### [Task prompt]
Please restate, word for word, the lines below that begin at the one with "Viktorijos laikų 1860-ųjų" and end at the one with "Textured Blue - Green". Leave out all other lines.

### [Records for the exercise]
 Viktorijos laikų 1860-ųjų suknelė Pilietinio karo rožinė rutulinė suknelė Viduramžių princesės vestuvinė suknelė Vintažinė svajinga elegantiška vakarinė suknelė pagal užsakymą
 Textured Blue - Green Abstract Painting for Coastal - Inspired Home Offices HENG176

...

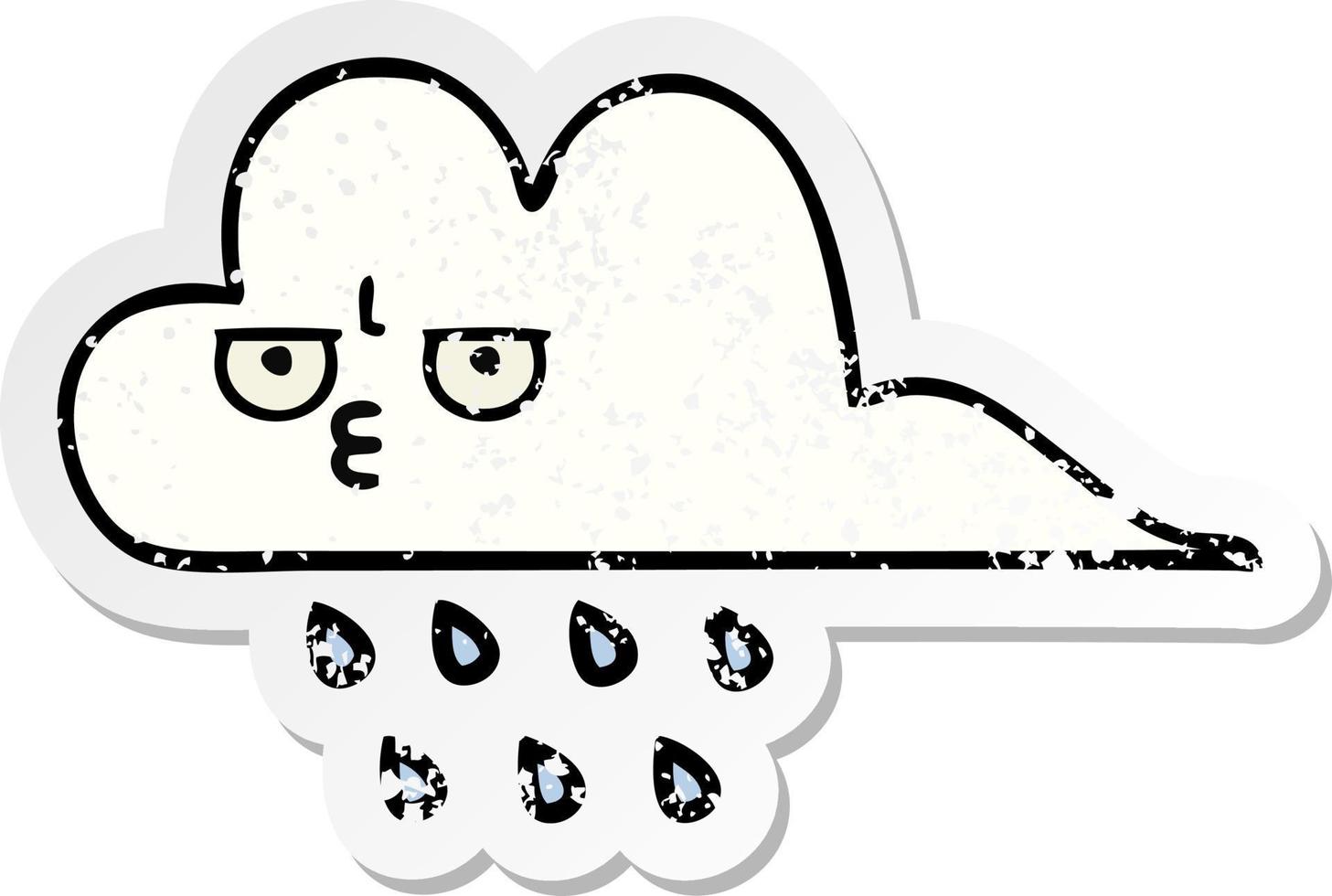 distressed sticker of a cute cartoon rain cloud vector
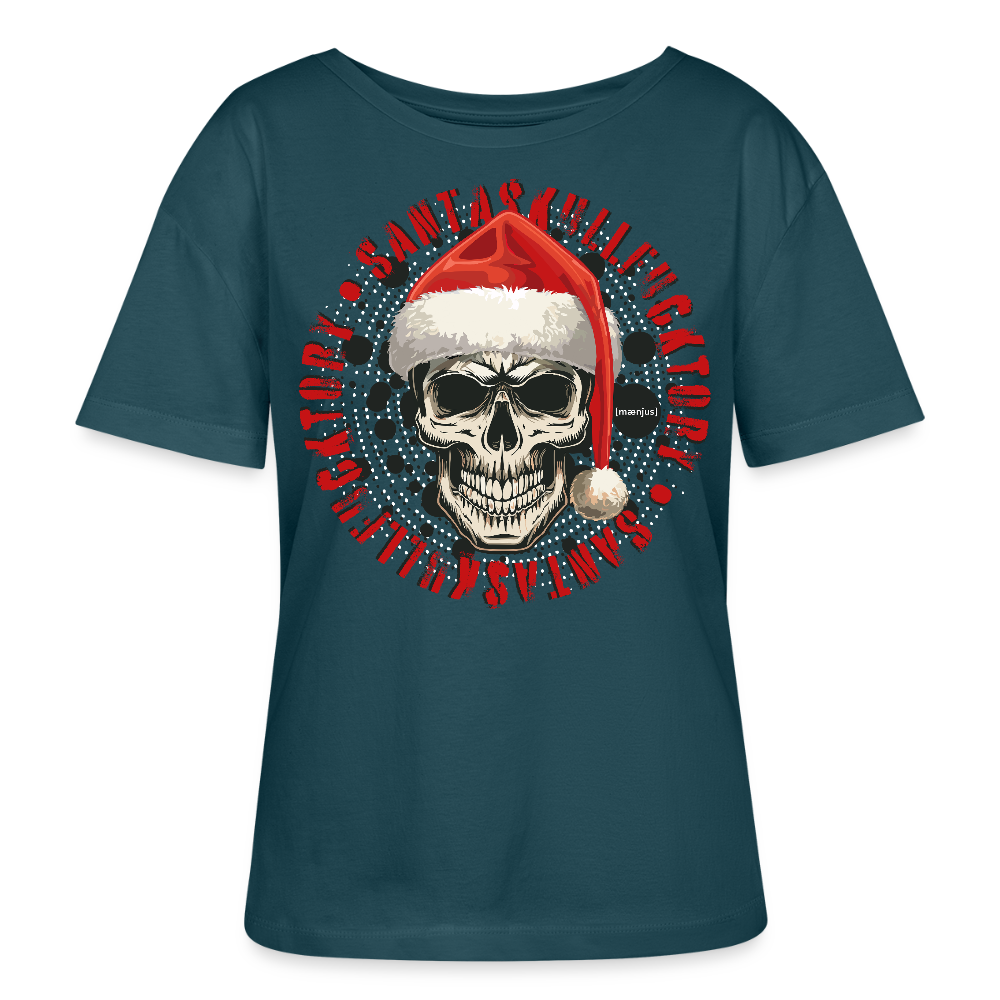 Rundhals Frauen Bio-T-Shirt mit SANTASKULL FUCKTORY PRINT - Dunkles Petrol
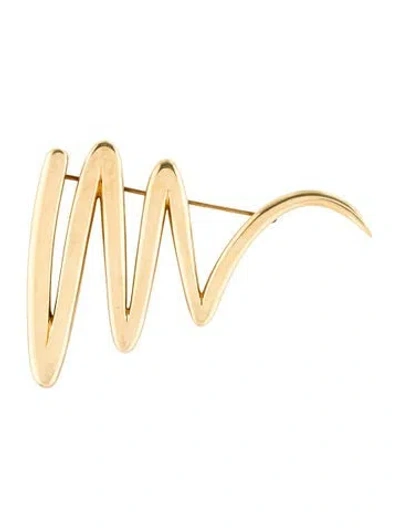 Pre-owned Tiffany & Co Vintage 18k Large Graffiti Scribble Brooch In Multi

--

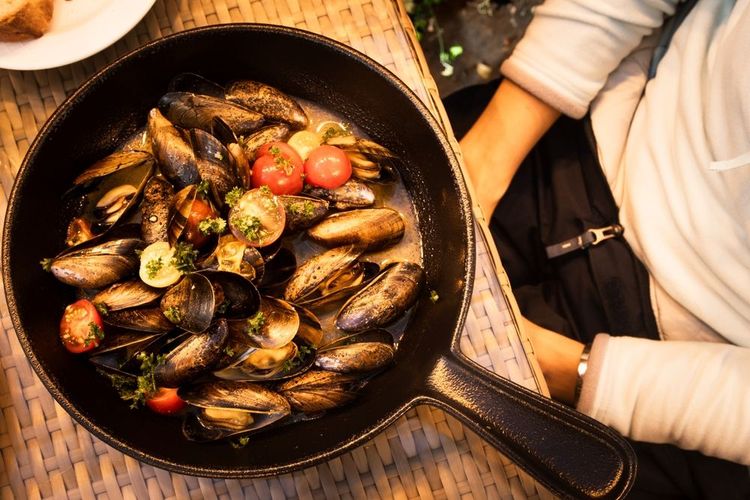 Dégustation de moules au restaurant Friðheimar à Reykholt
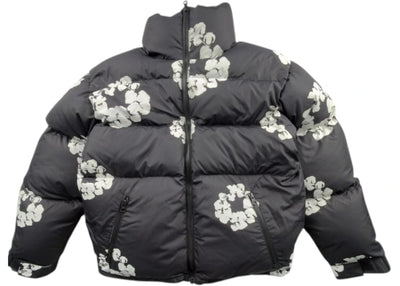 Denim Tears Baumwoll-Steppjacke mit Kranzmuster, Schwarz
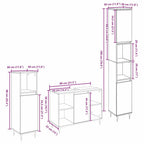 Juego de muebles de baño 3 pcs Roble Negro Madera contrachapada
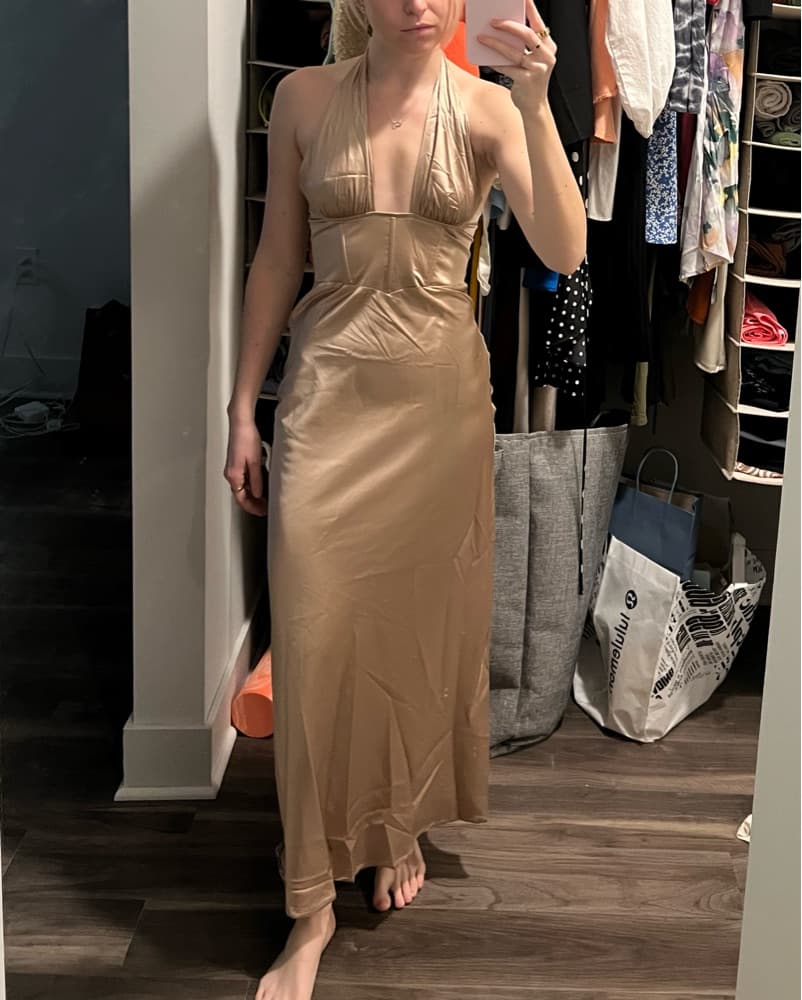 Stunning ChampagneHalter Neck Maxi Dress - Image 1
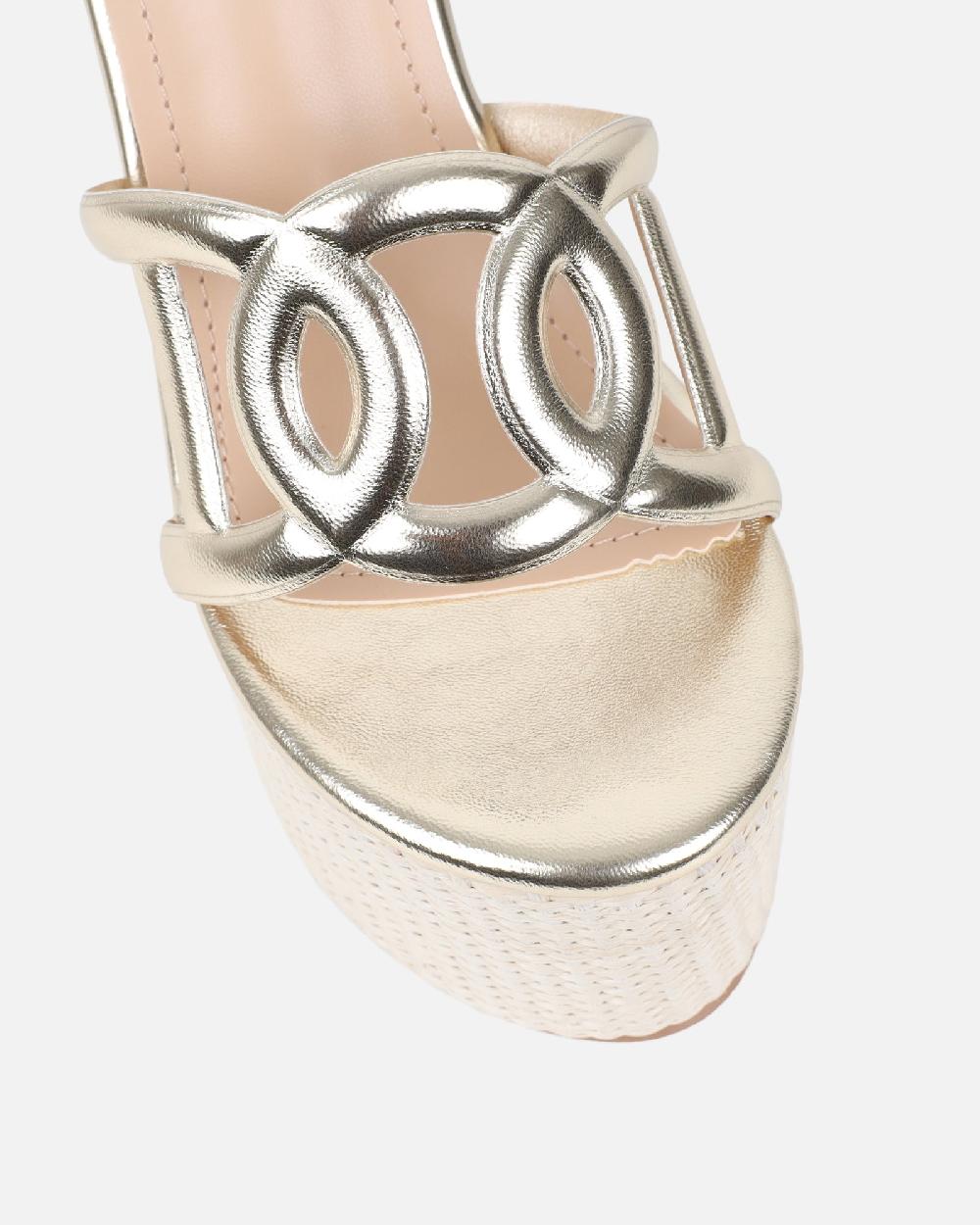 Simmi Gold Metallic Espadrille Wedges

### [Answer for this exercise]
 Viktorijos laikų 1860-ųjų suknelė Pilietinio karo rožinė rutulinė suknelė Viduramžių princesės vestuvinė suknelė Vintažinė svajinga elegantiška vakarinė suknelė pagal užsakymą
 Textured Blue - Green Abstract Painting for Coastal - Inspired Home Offices HENG176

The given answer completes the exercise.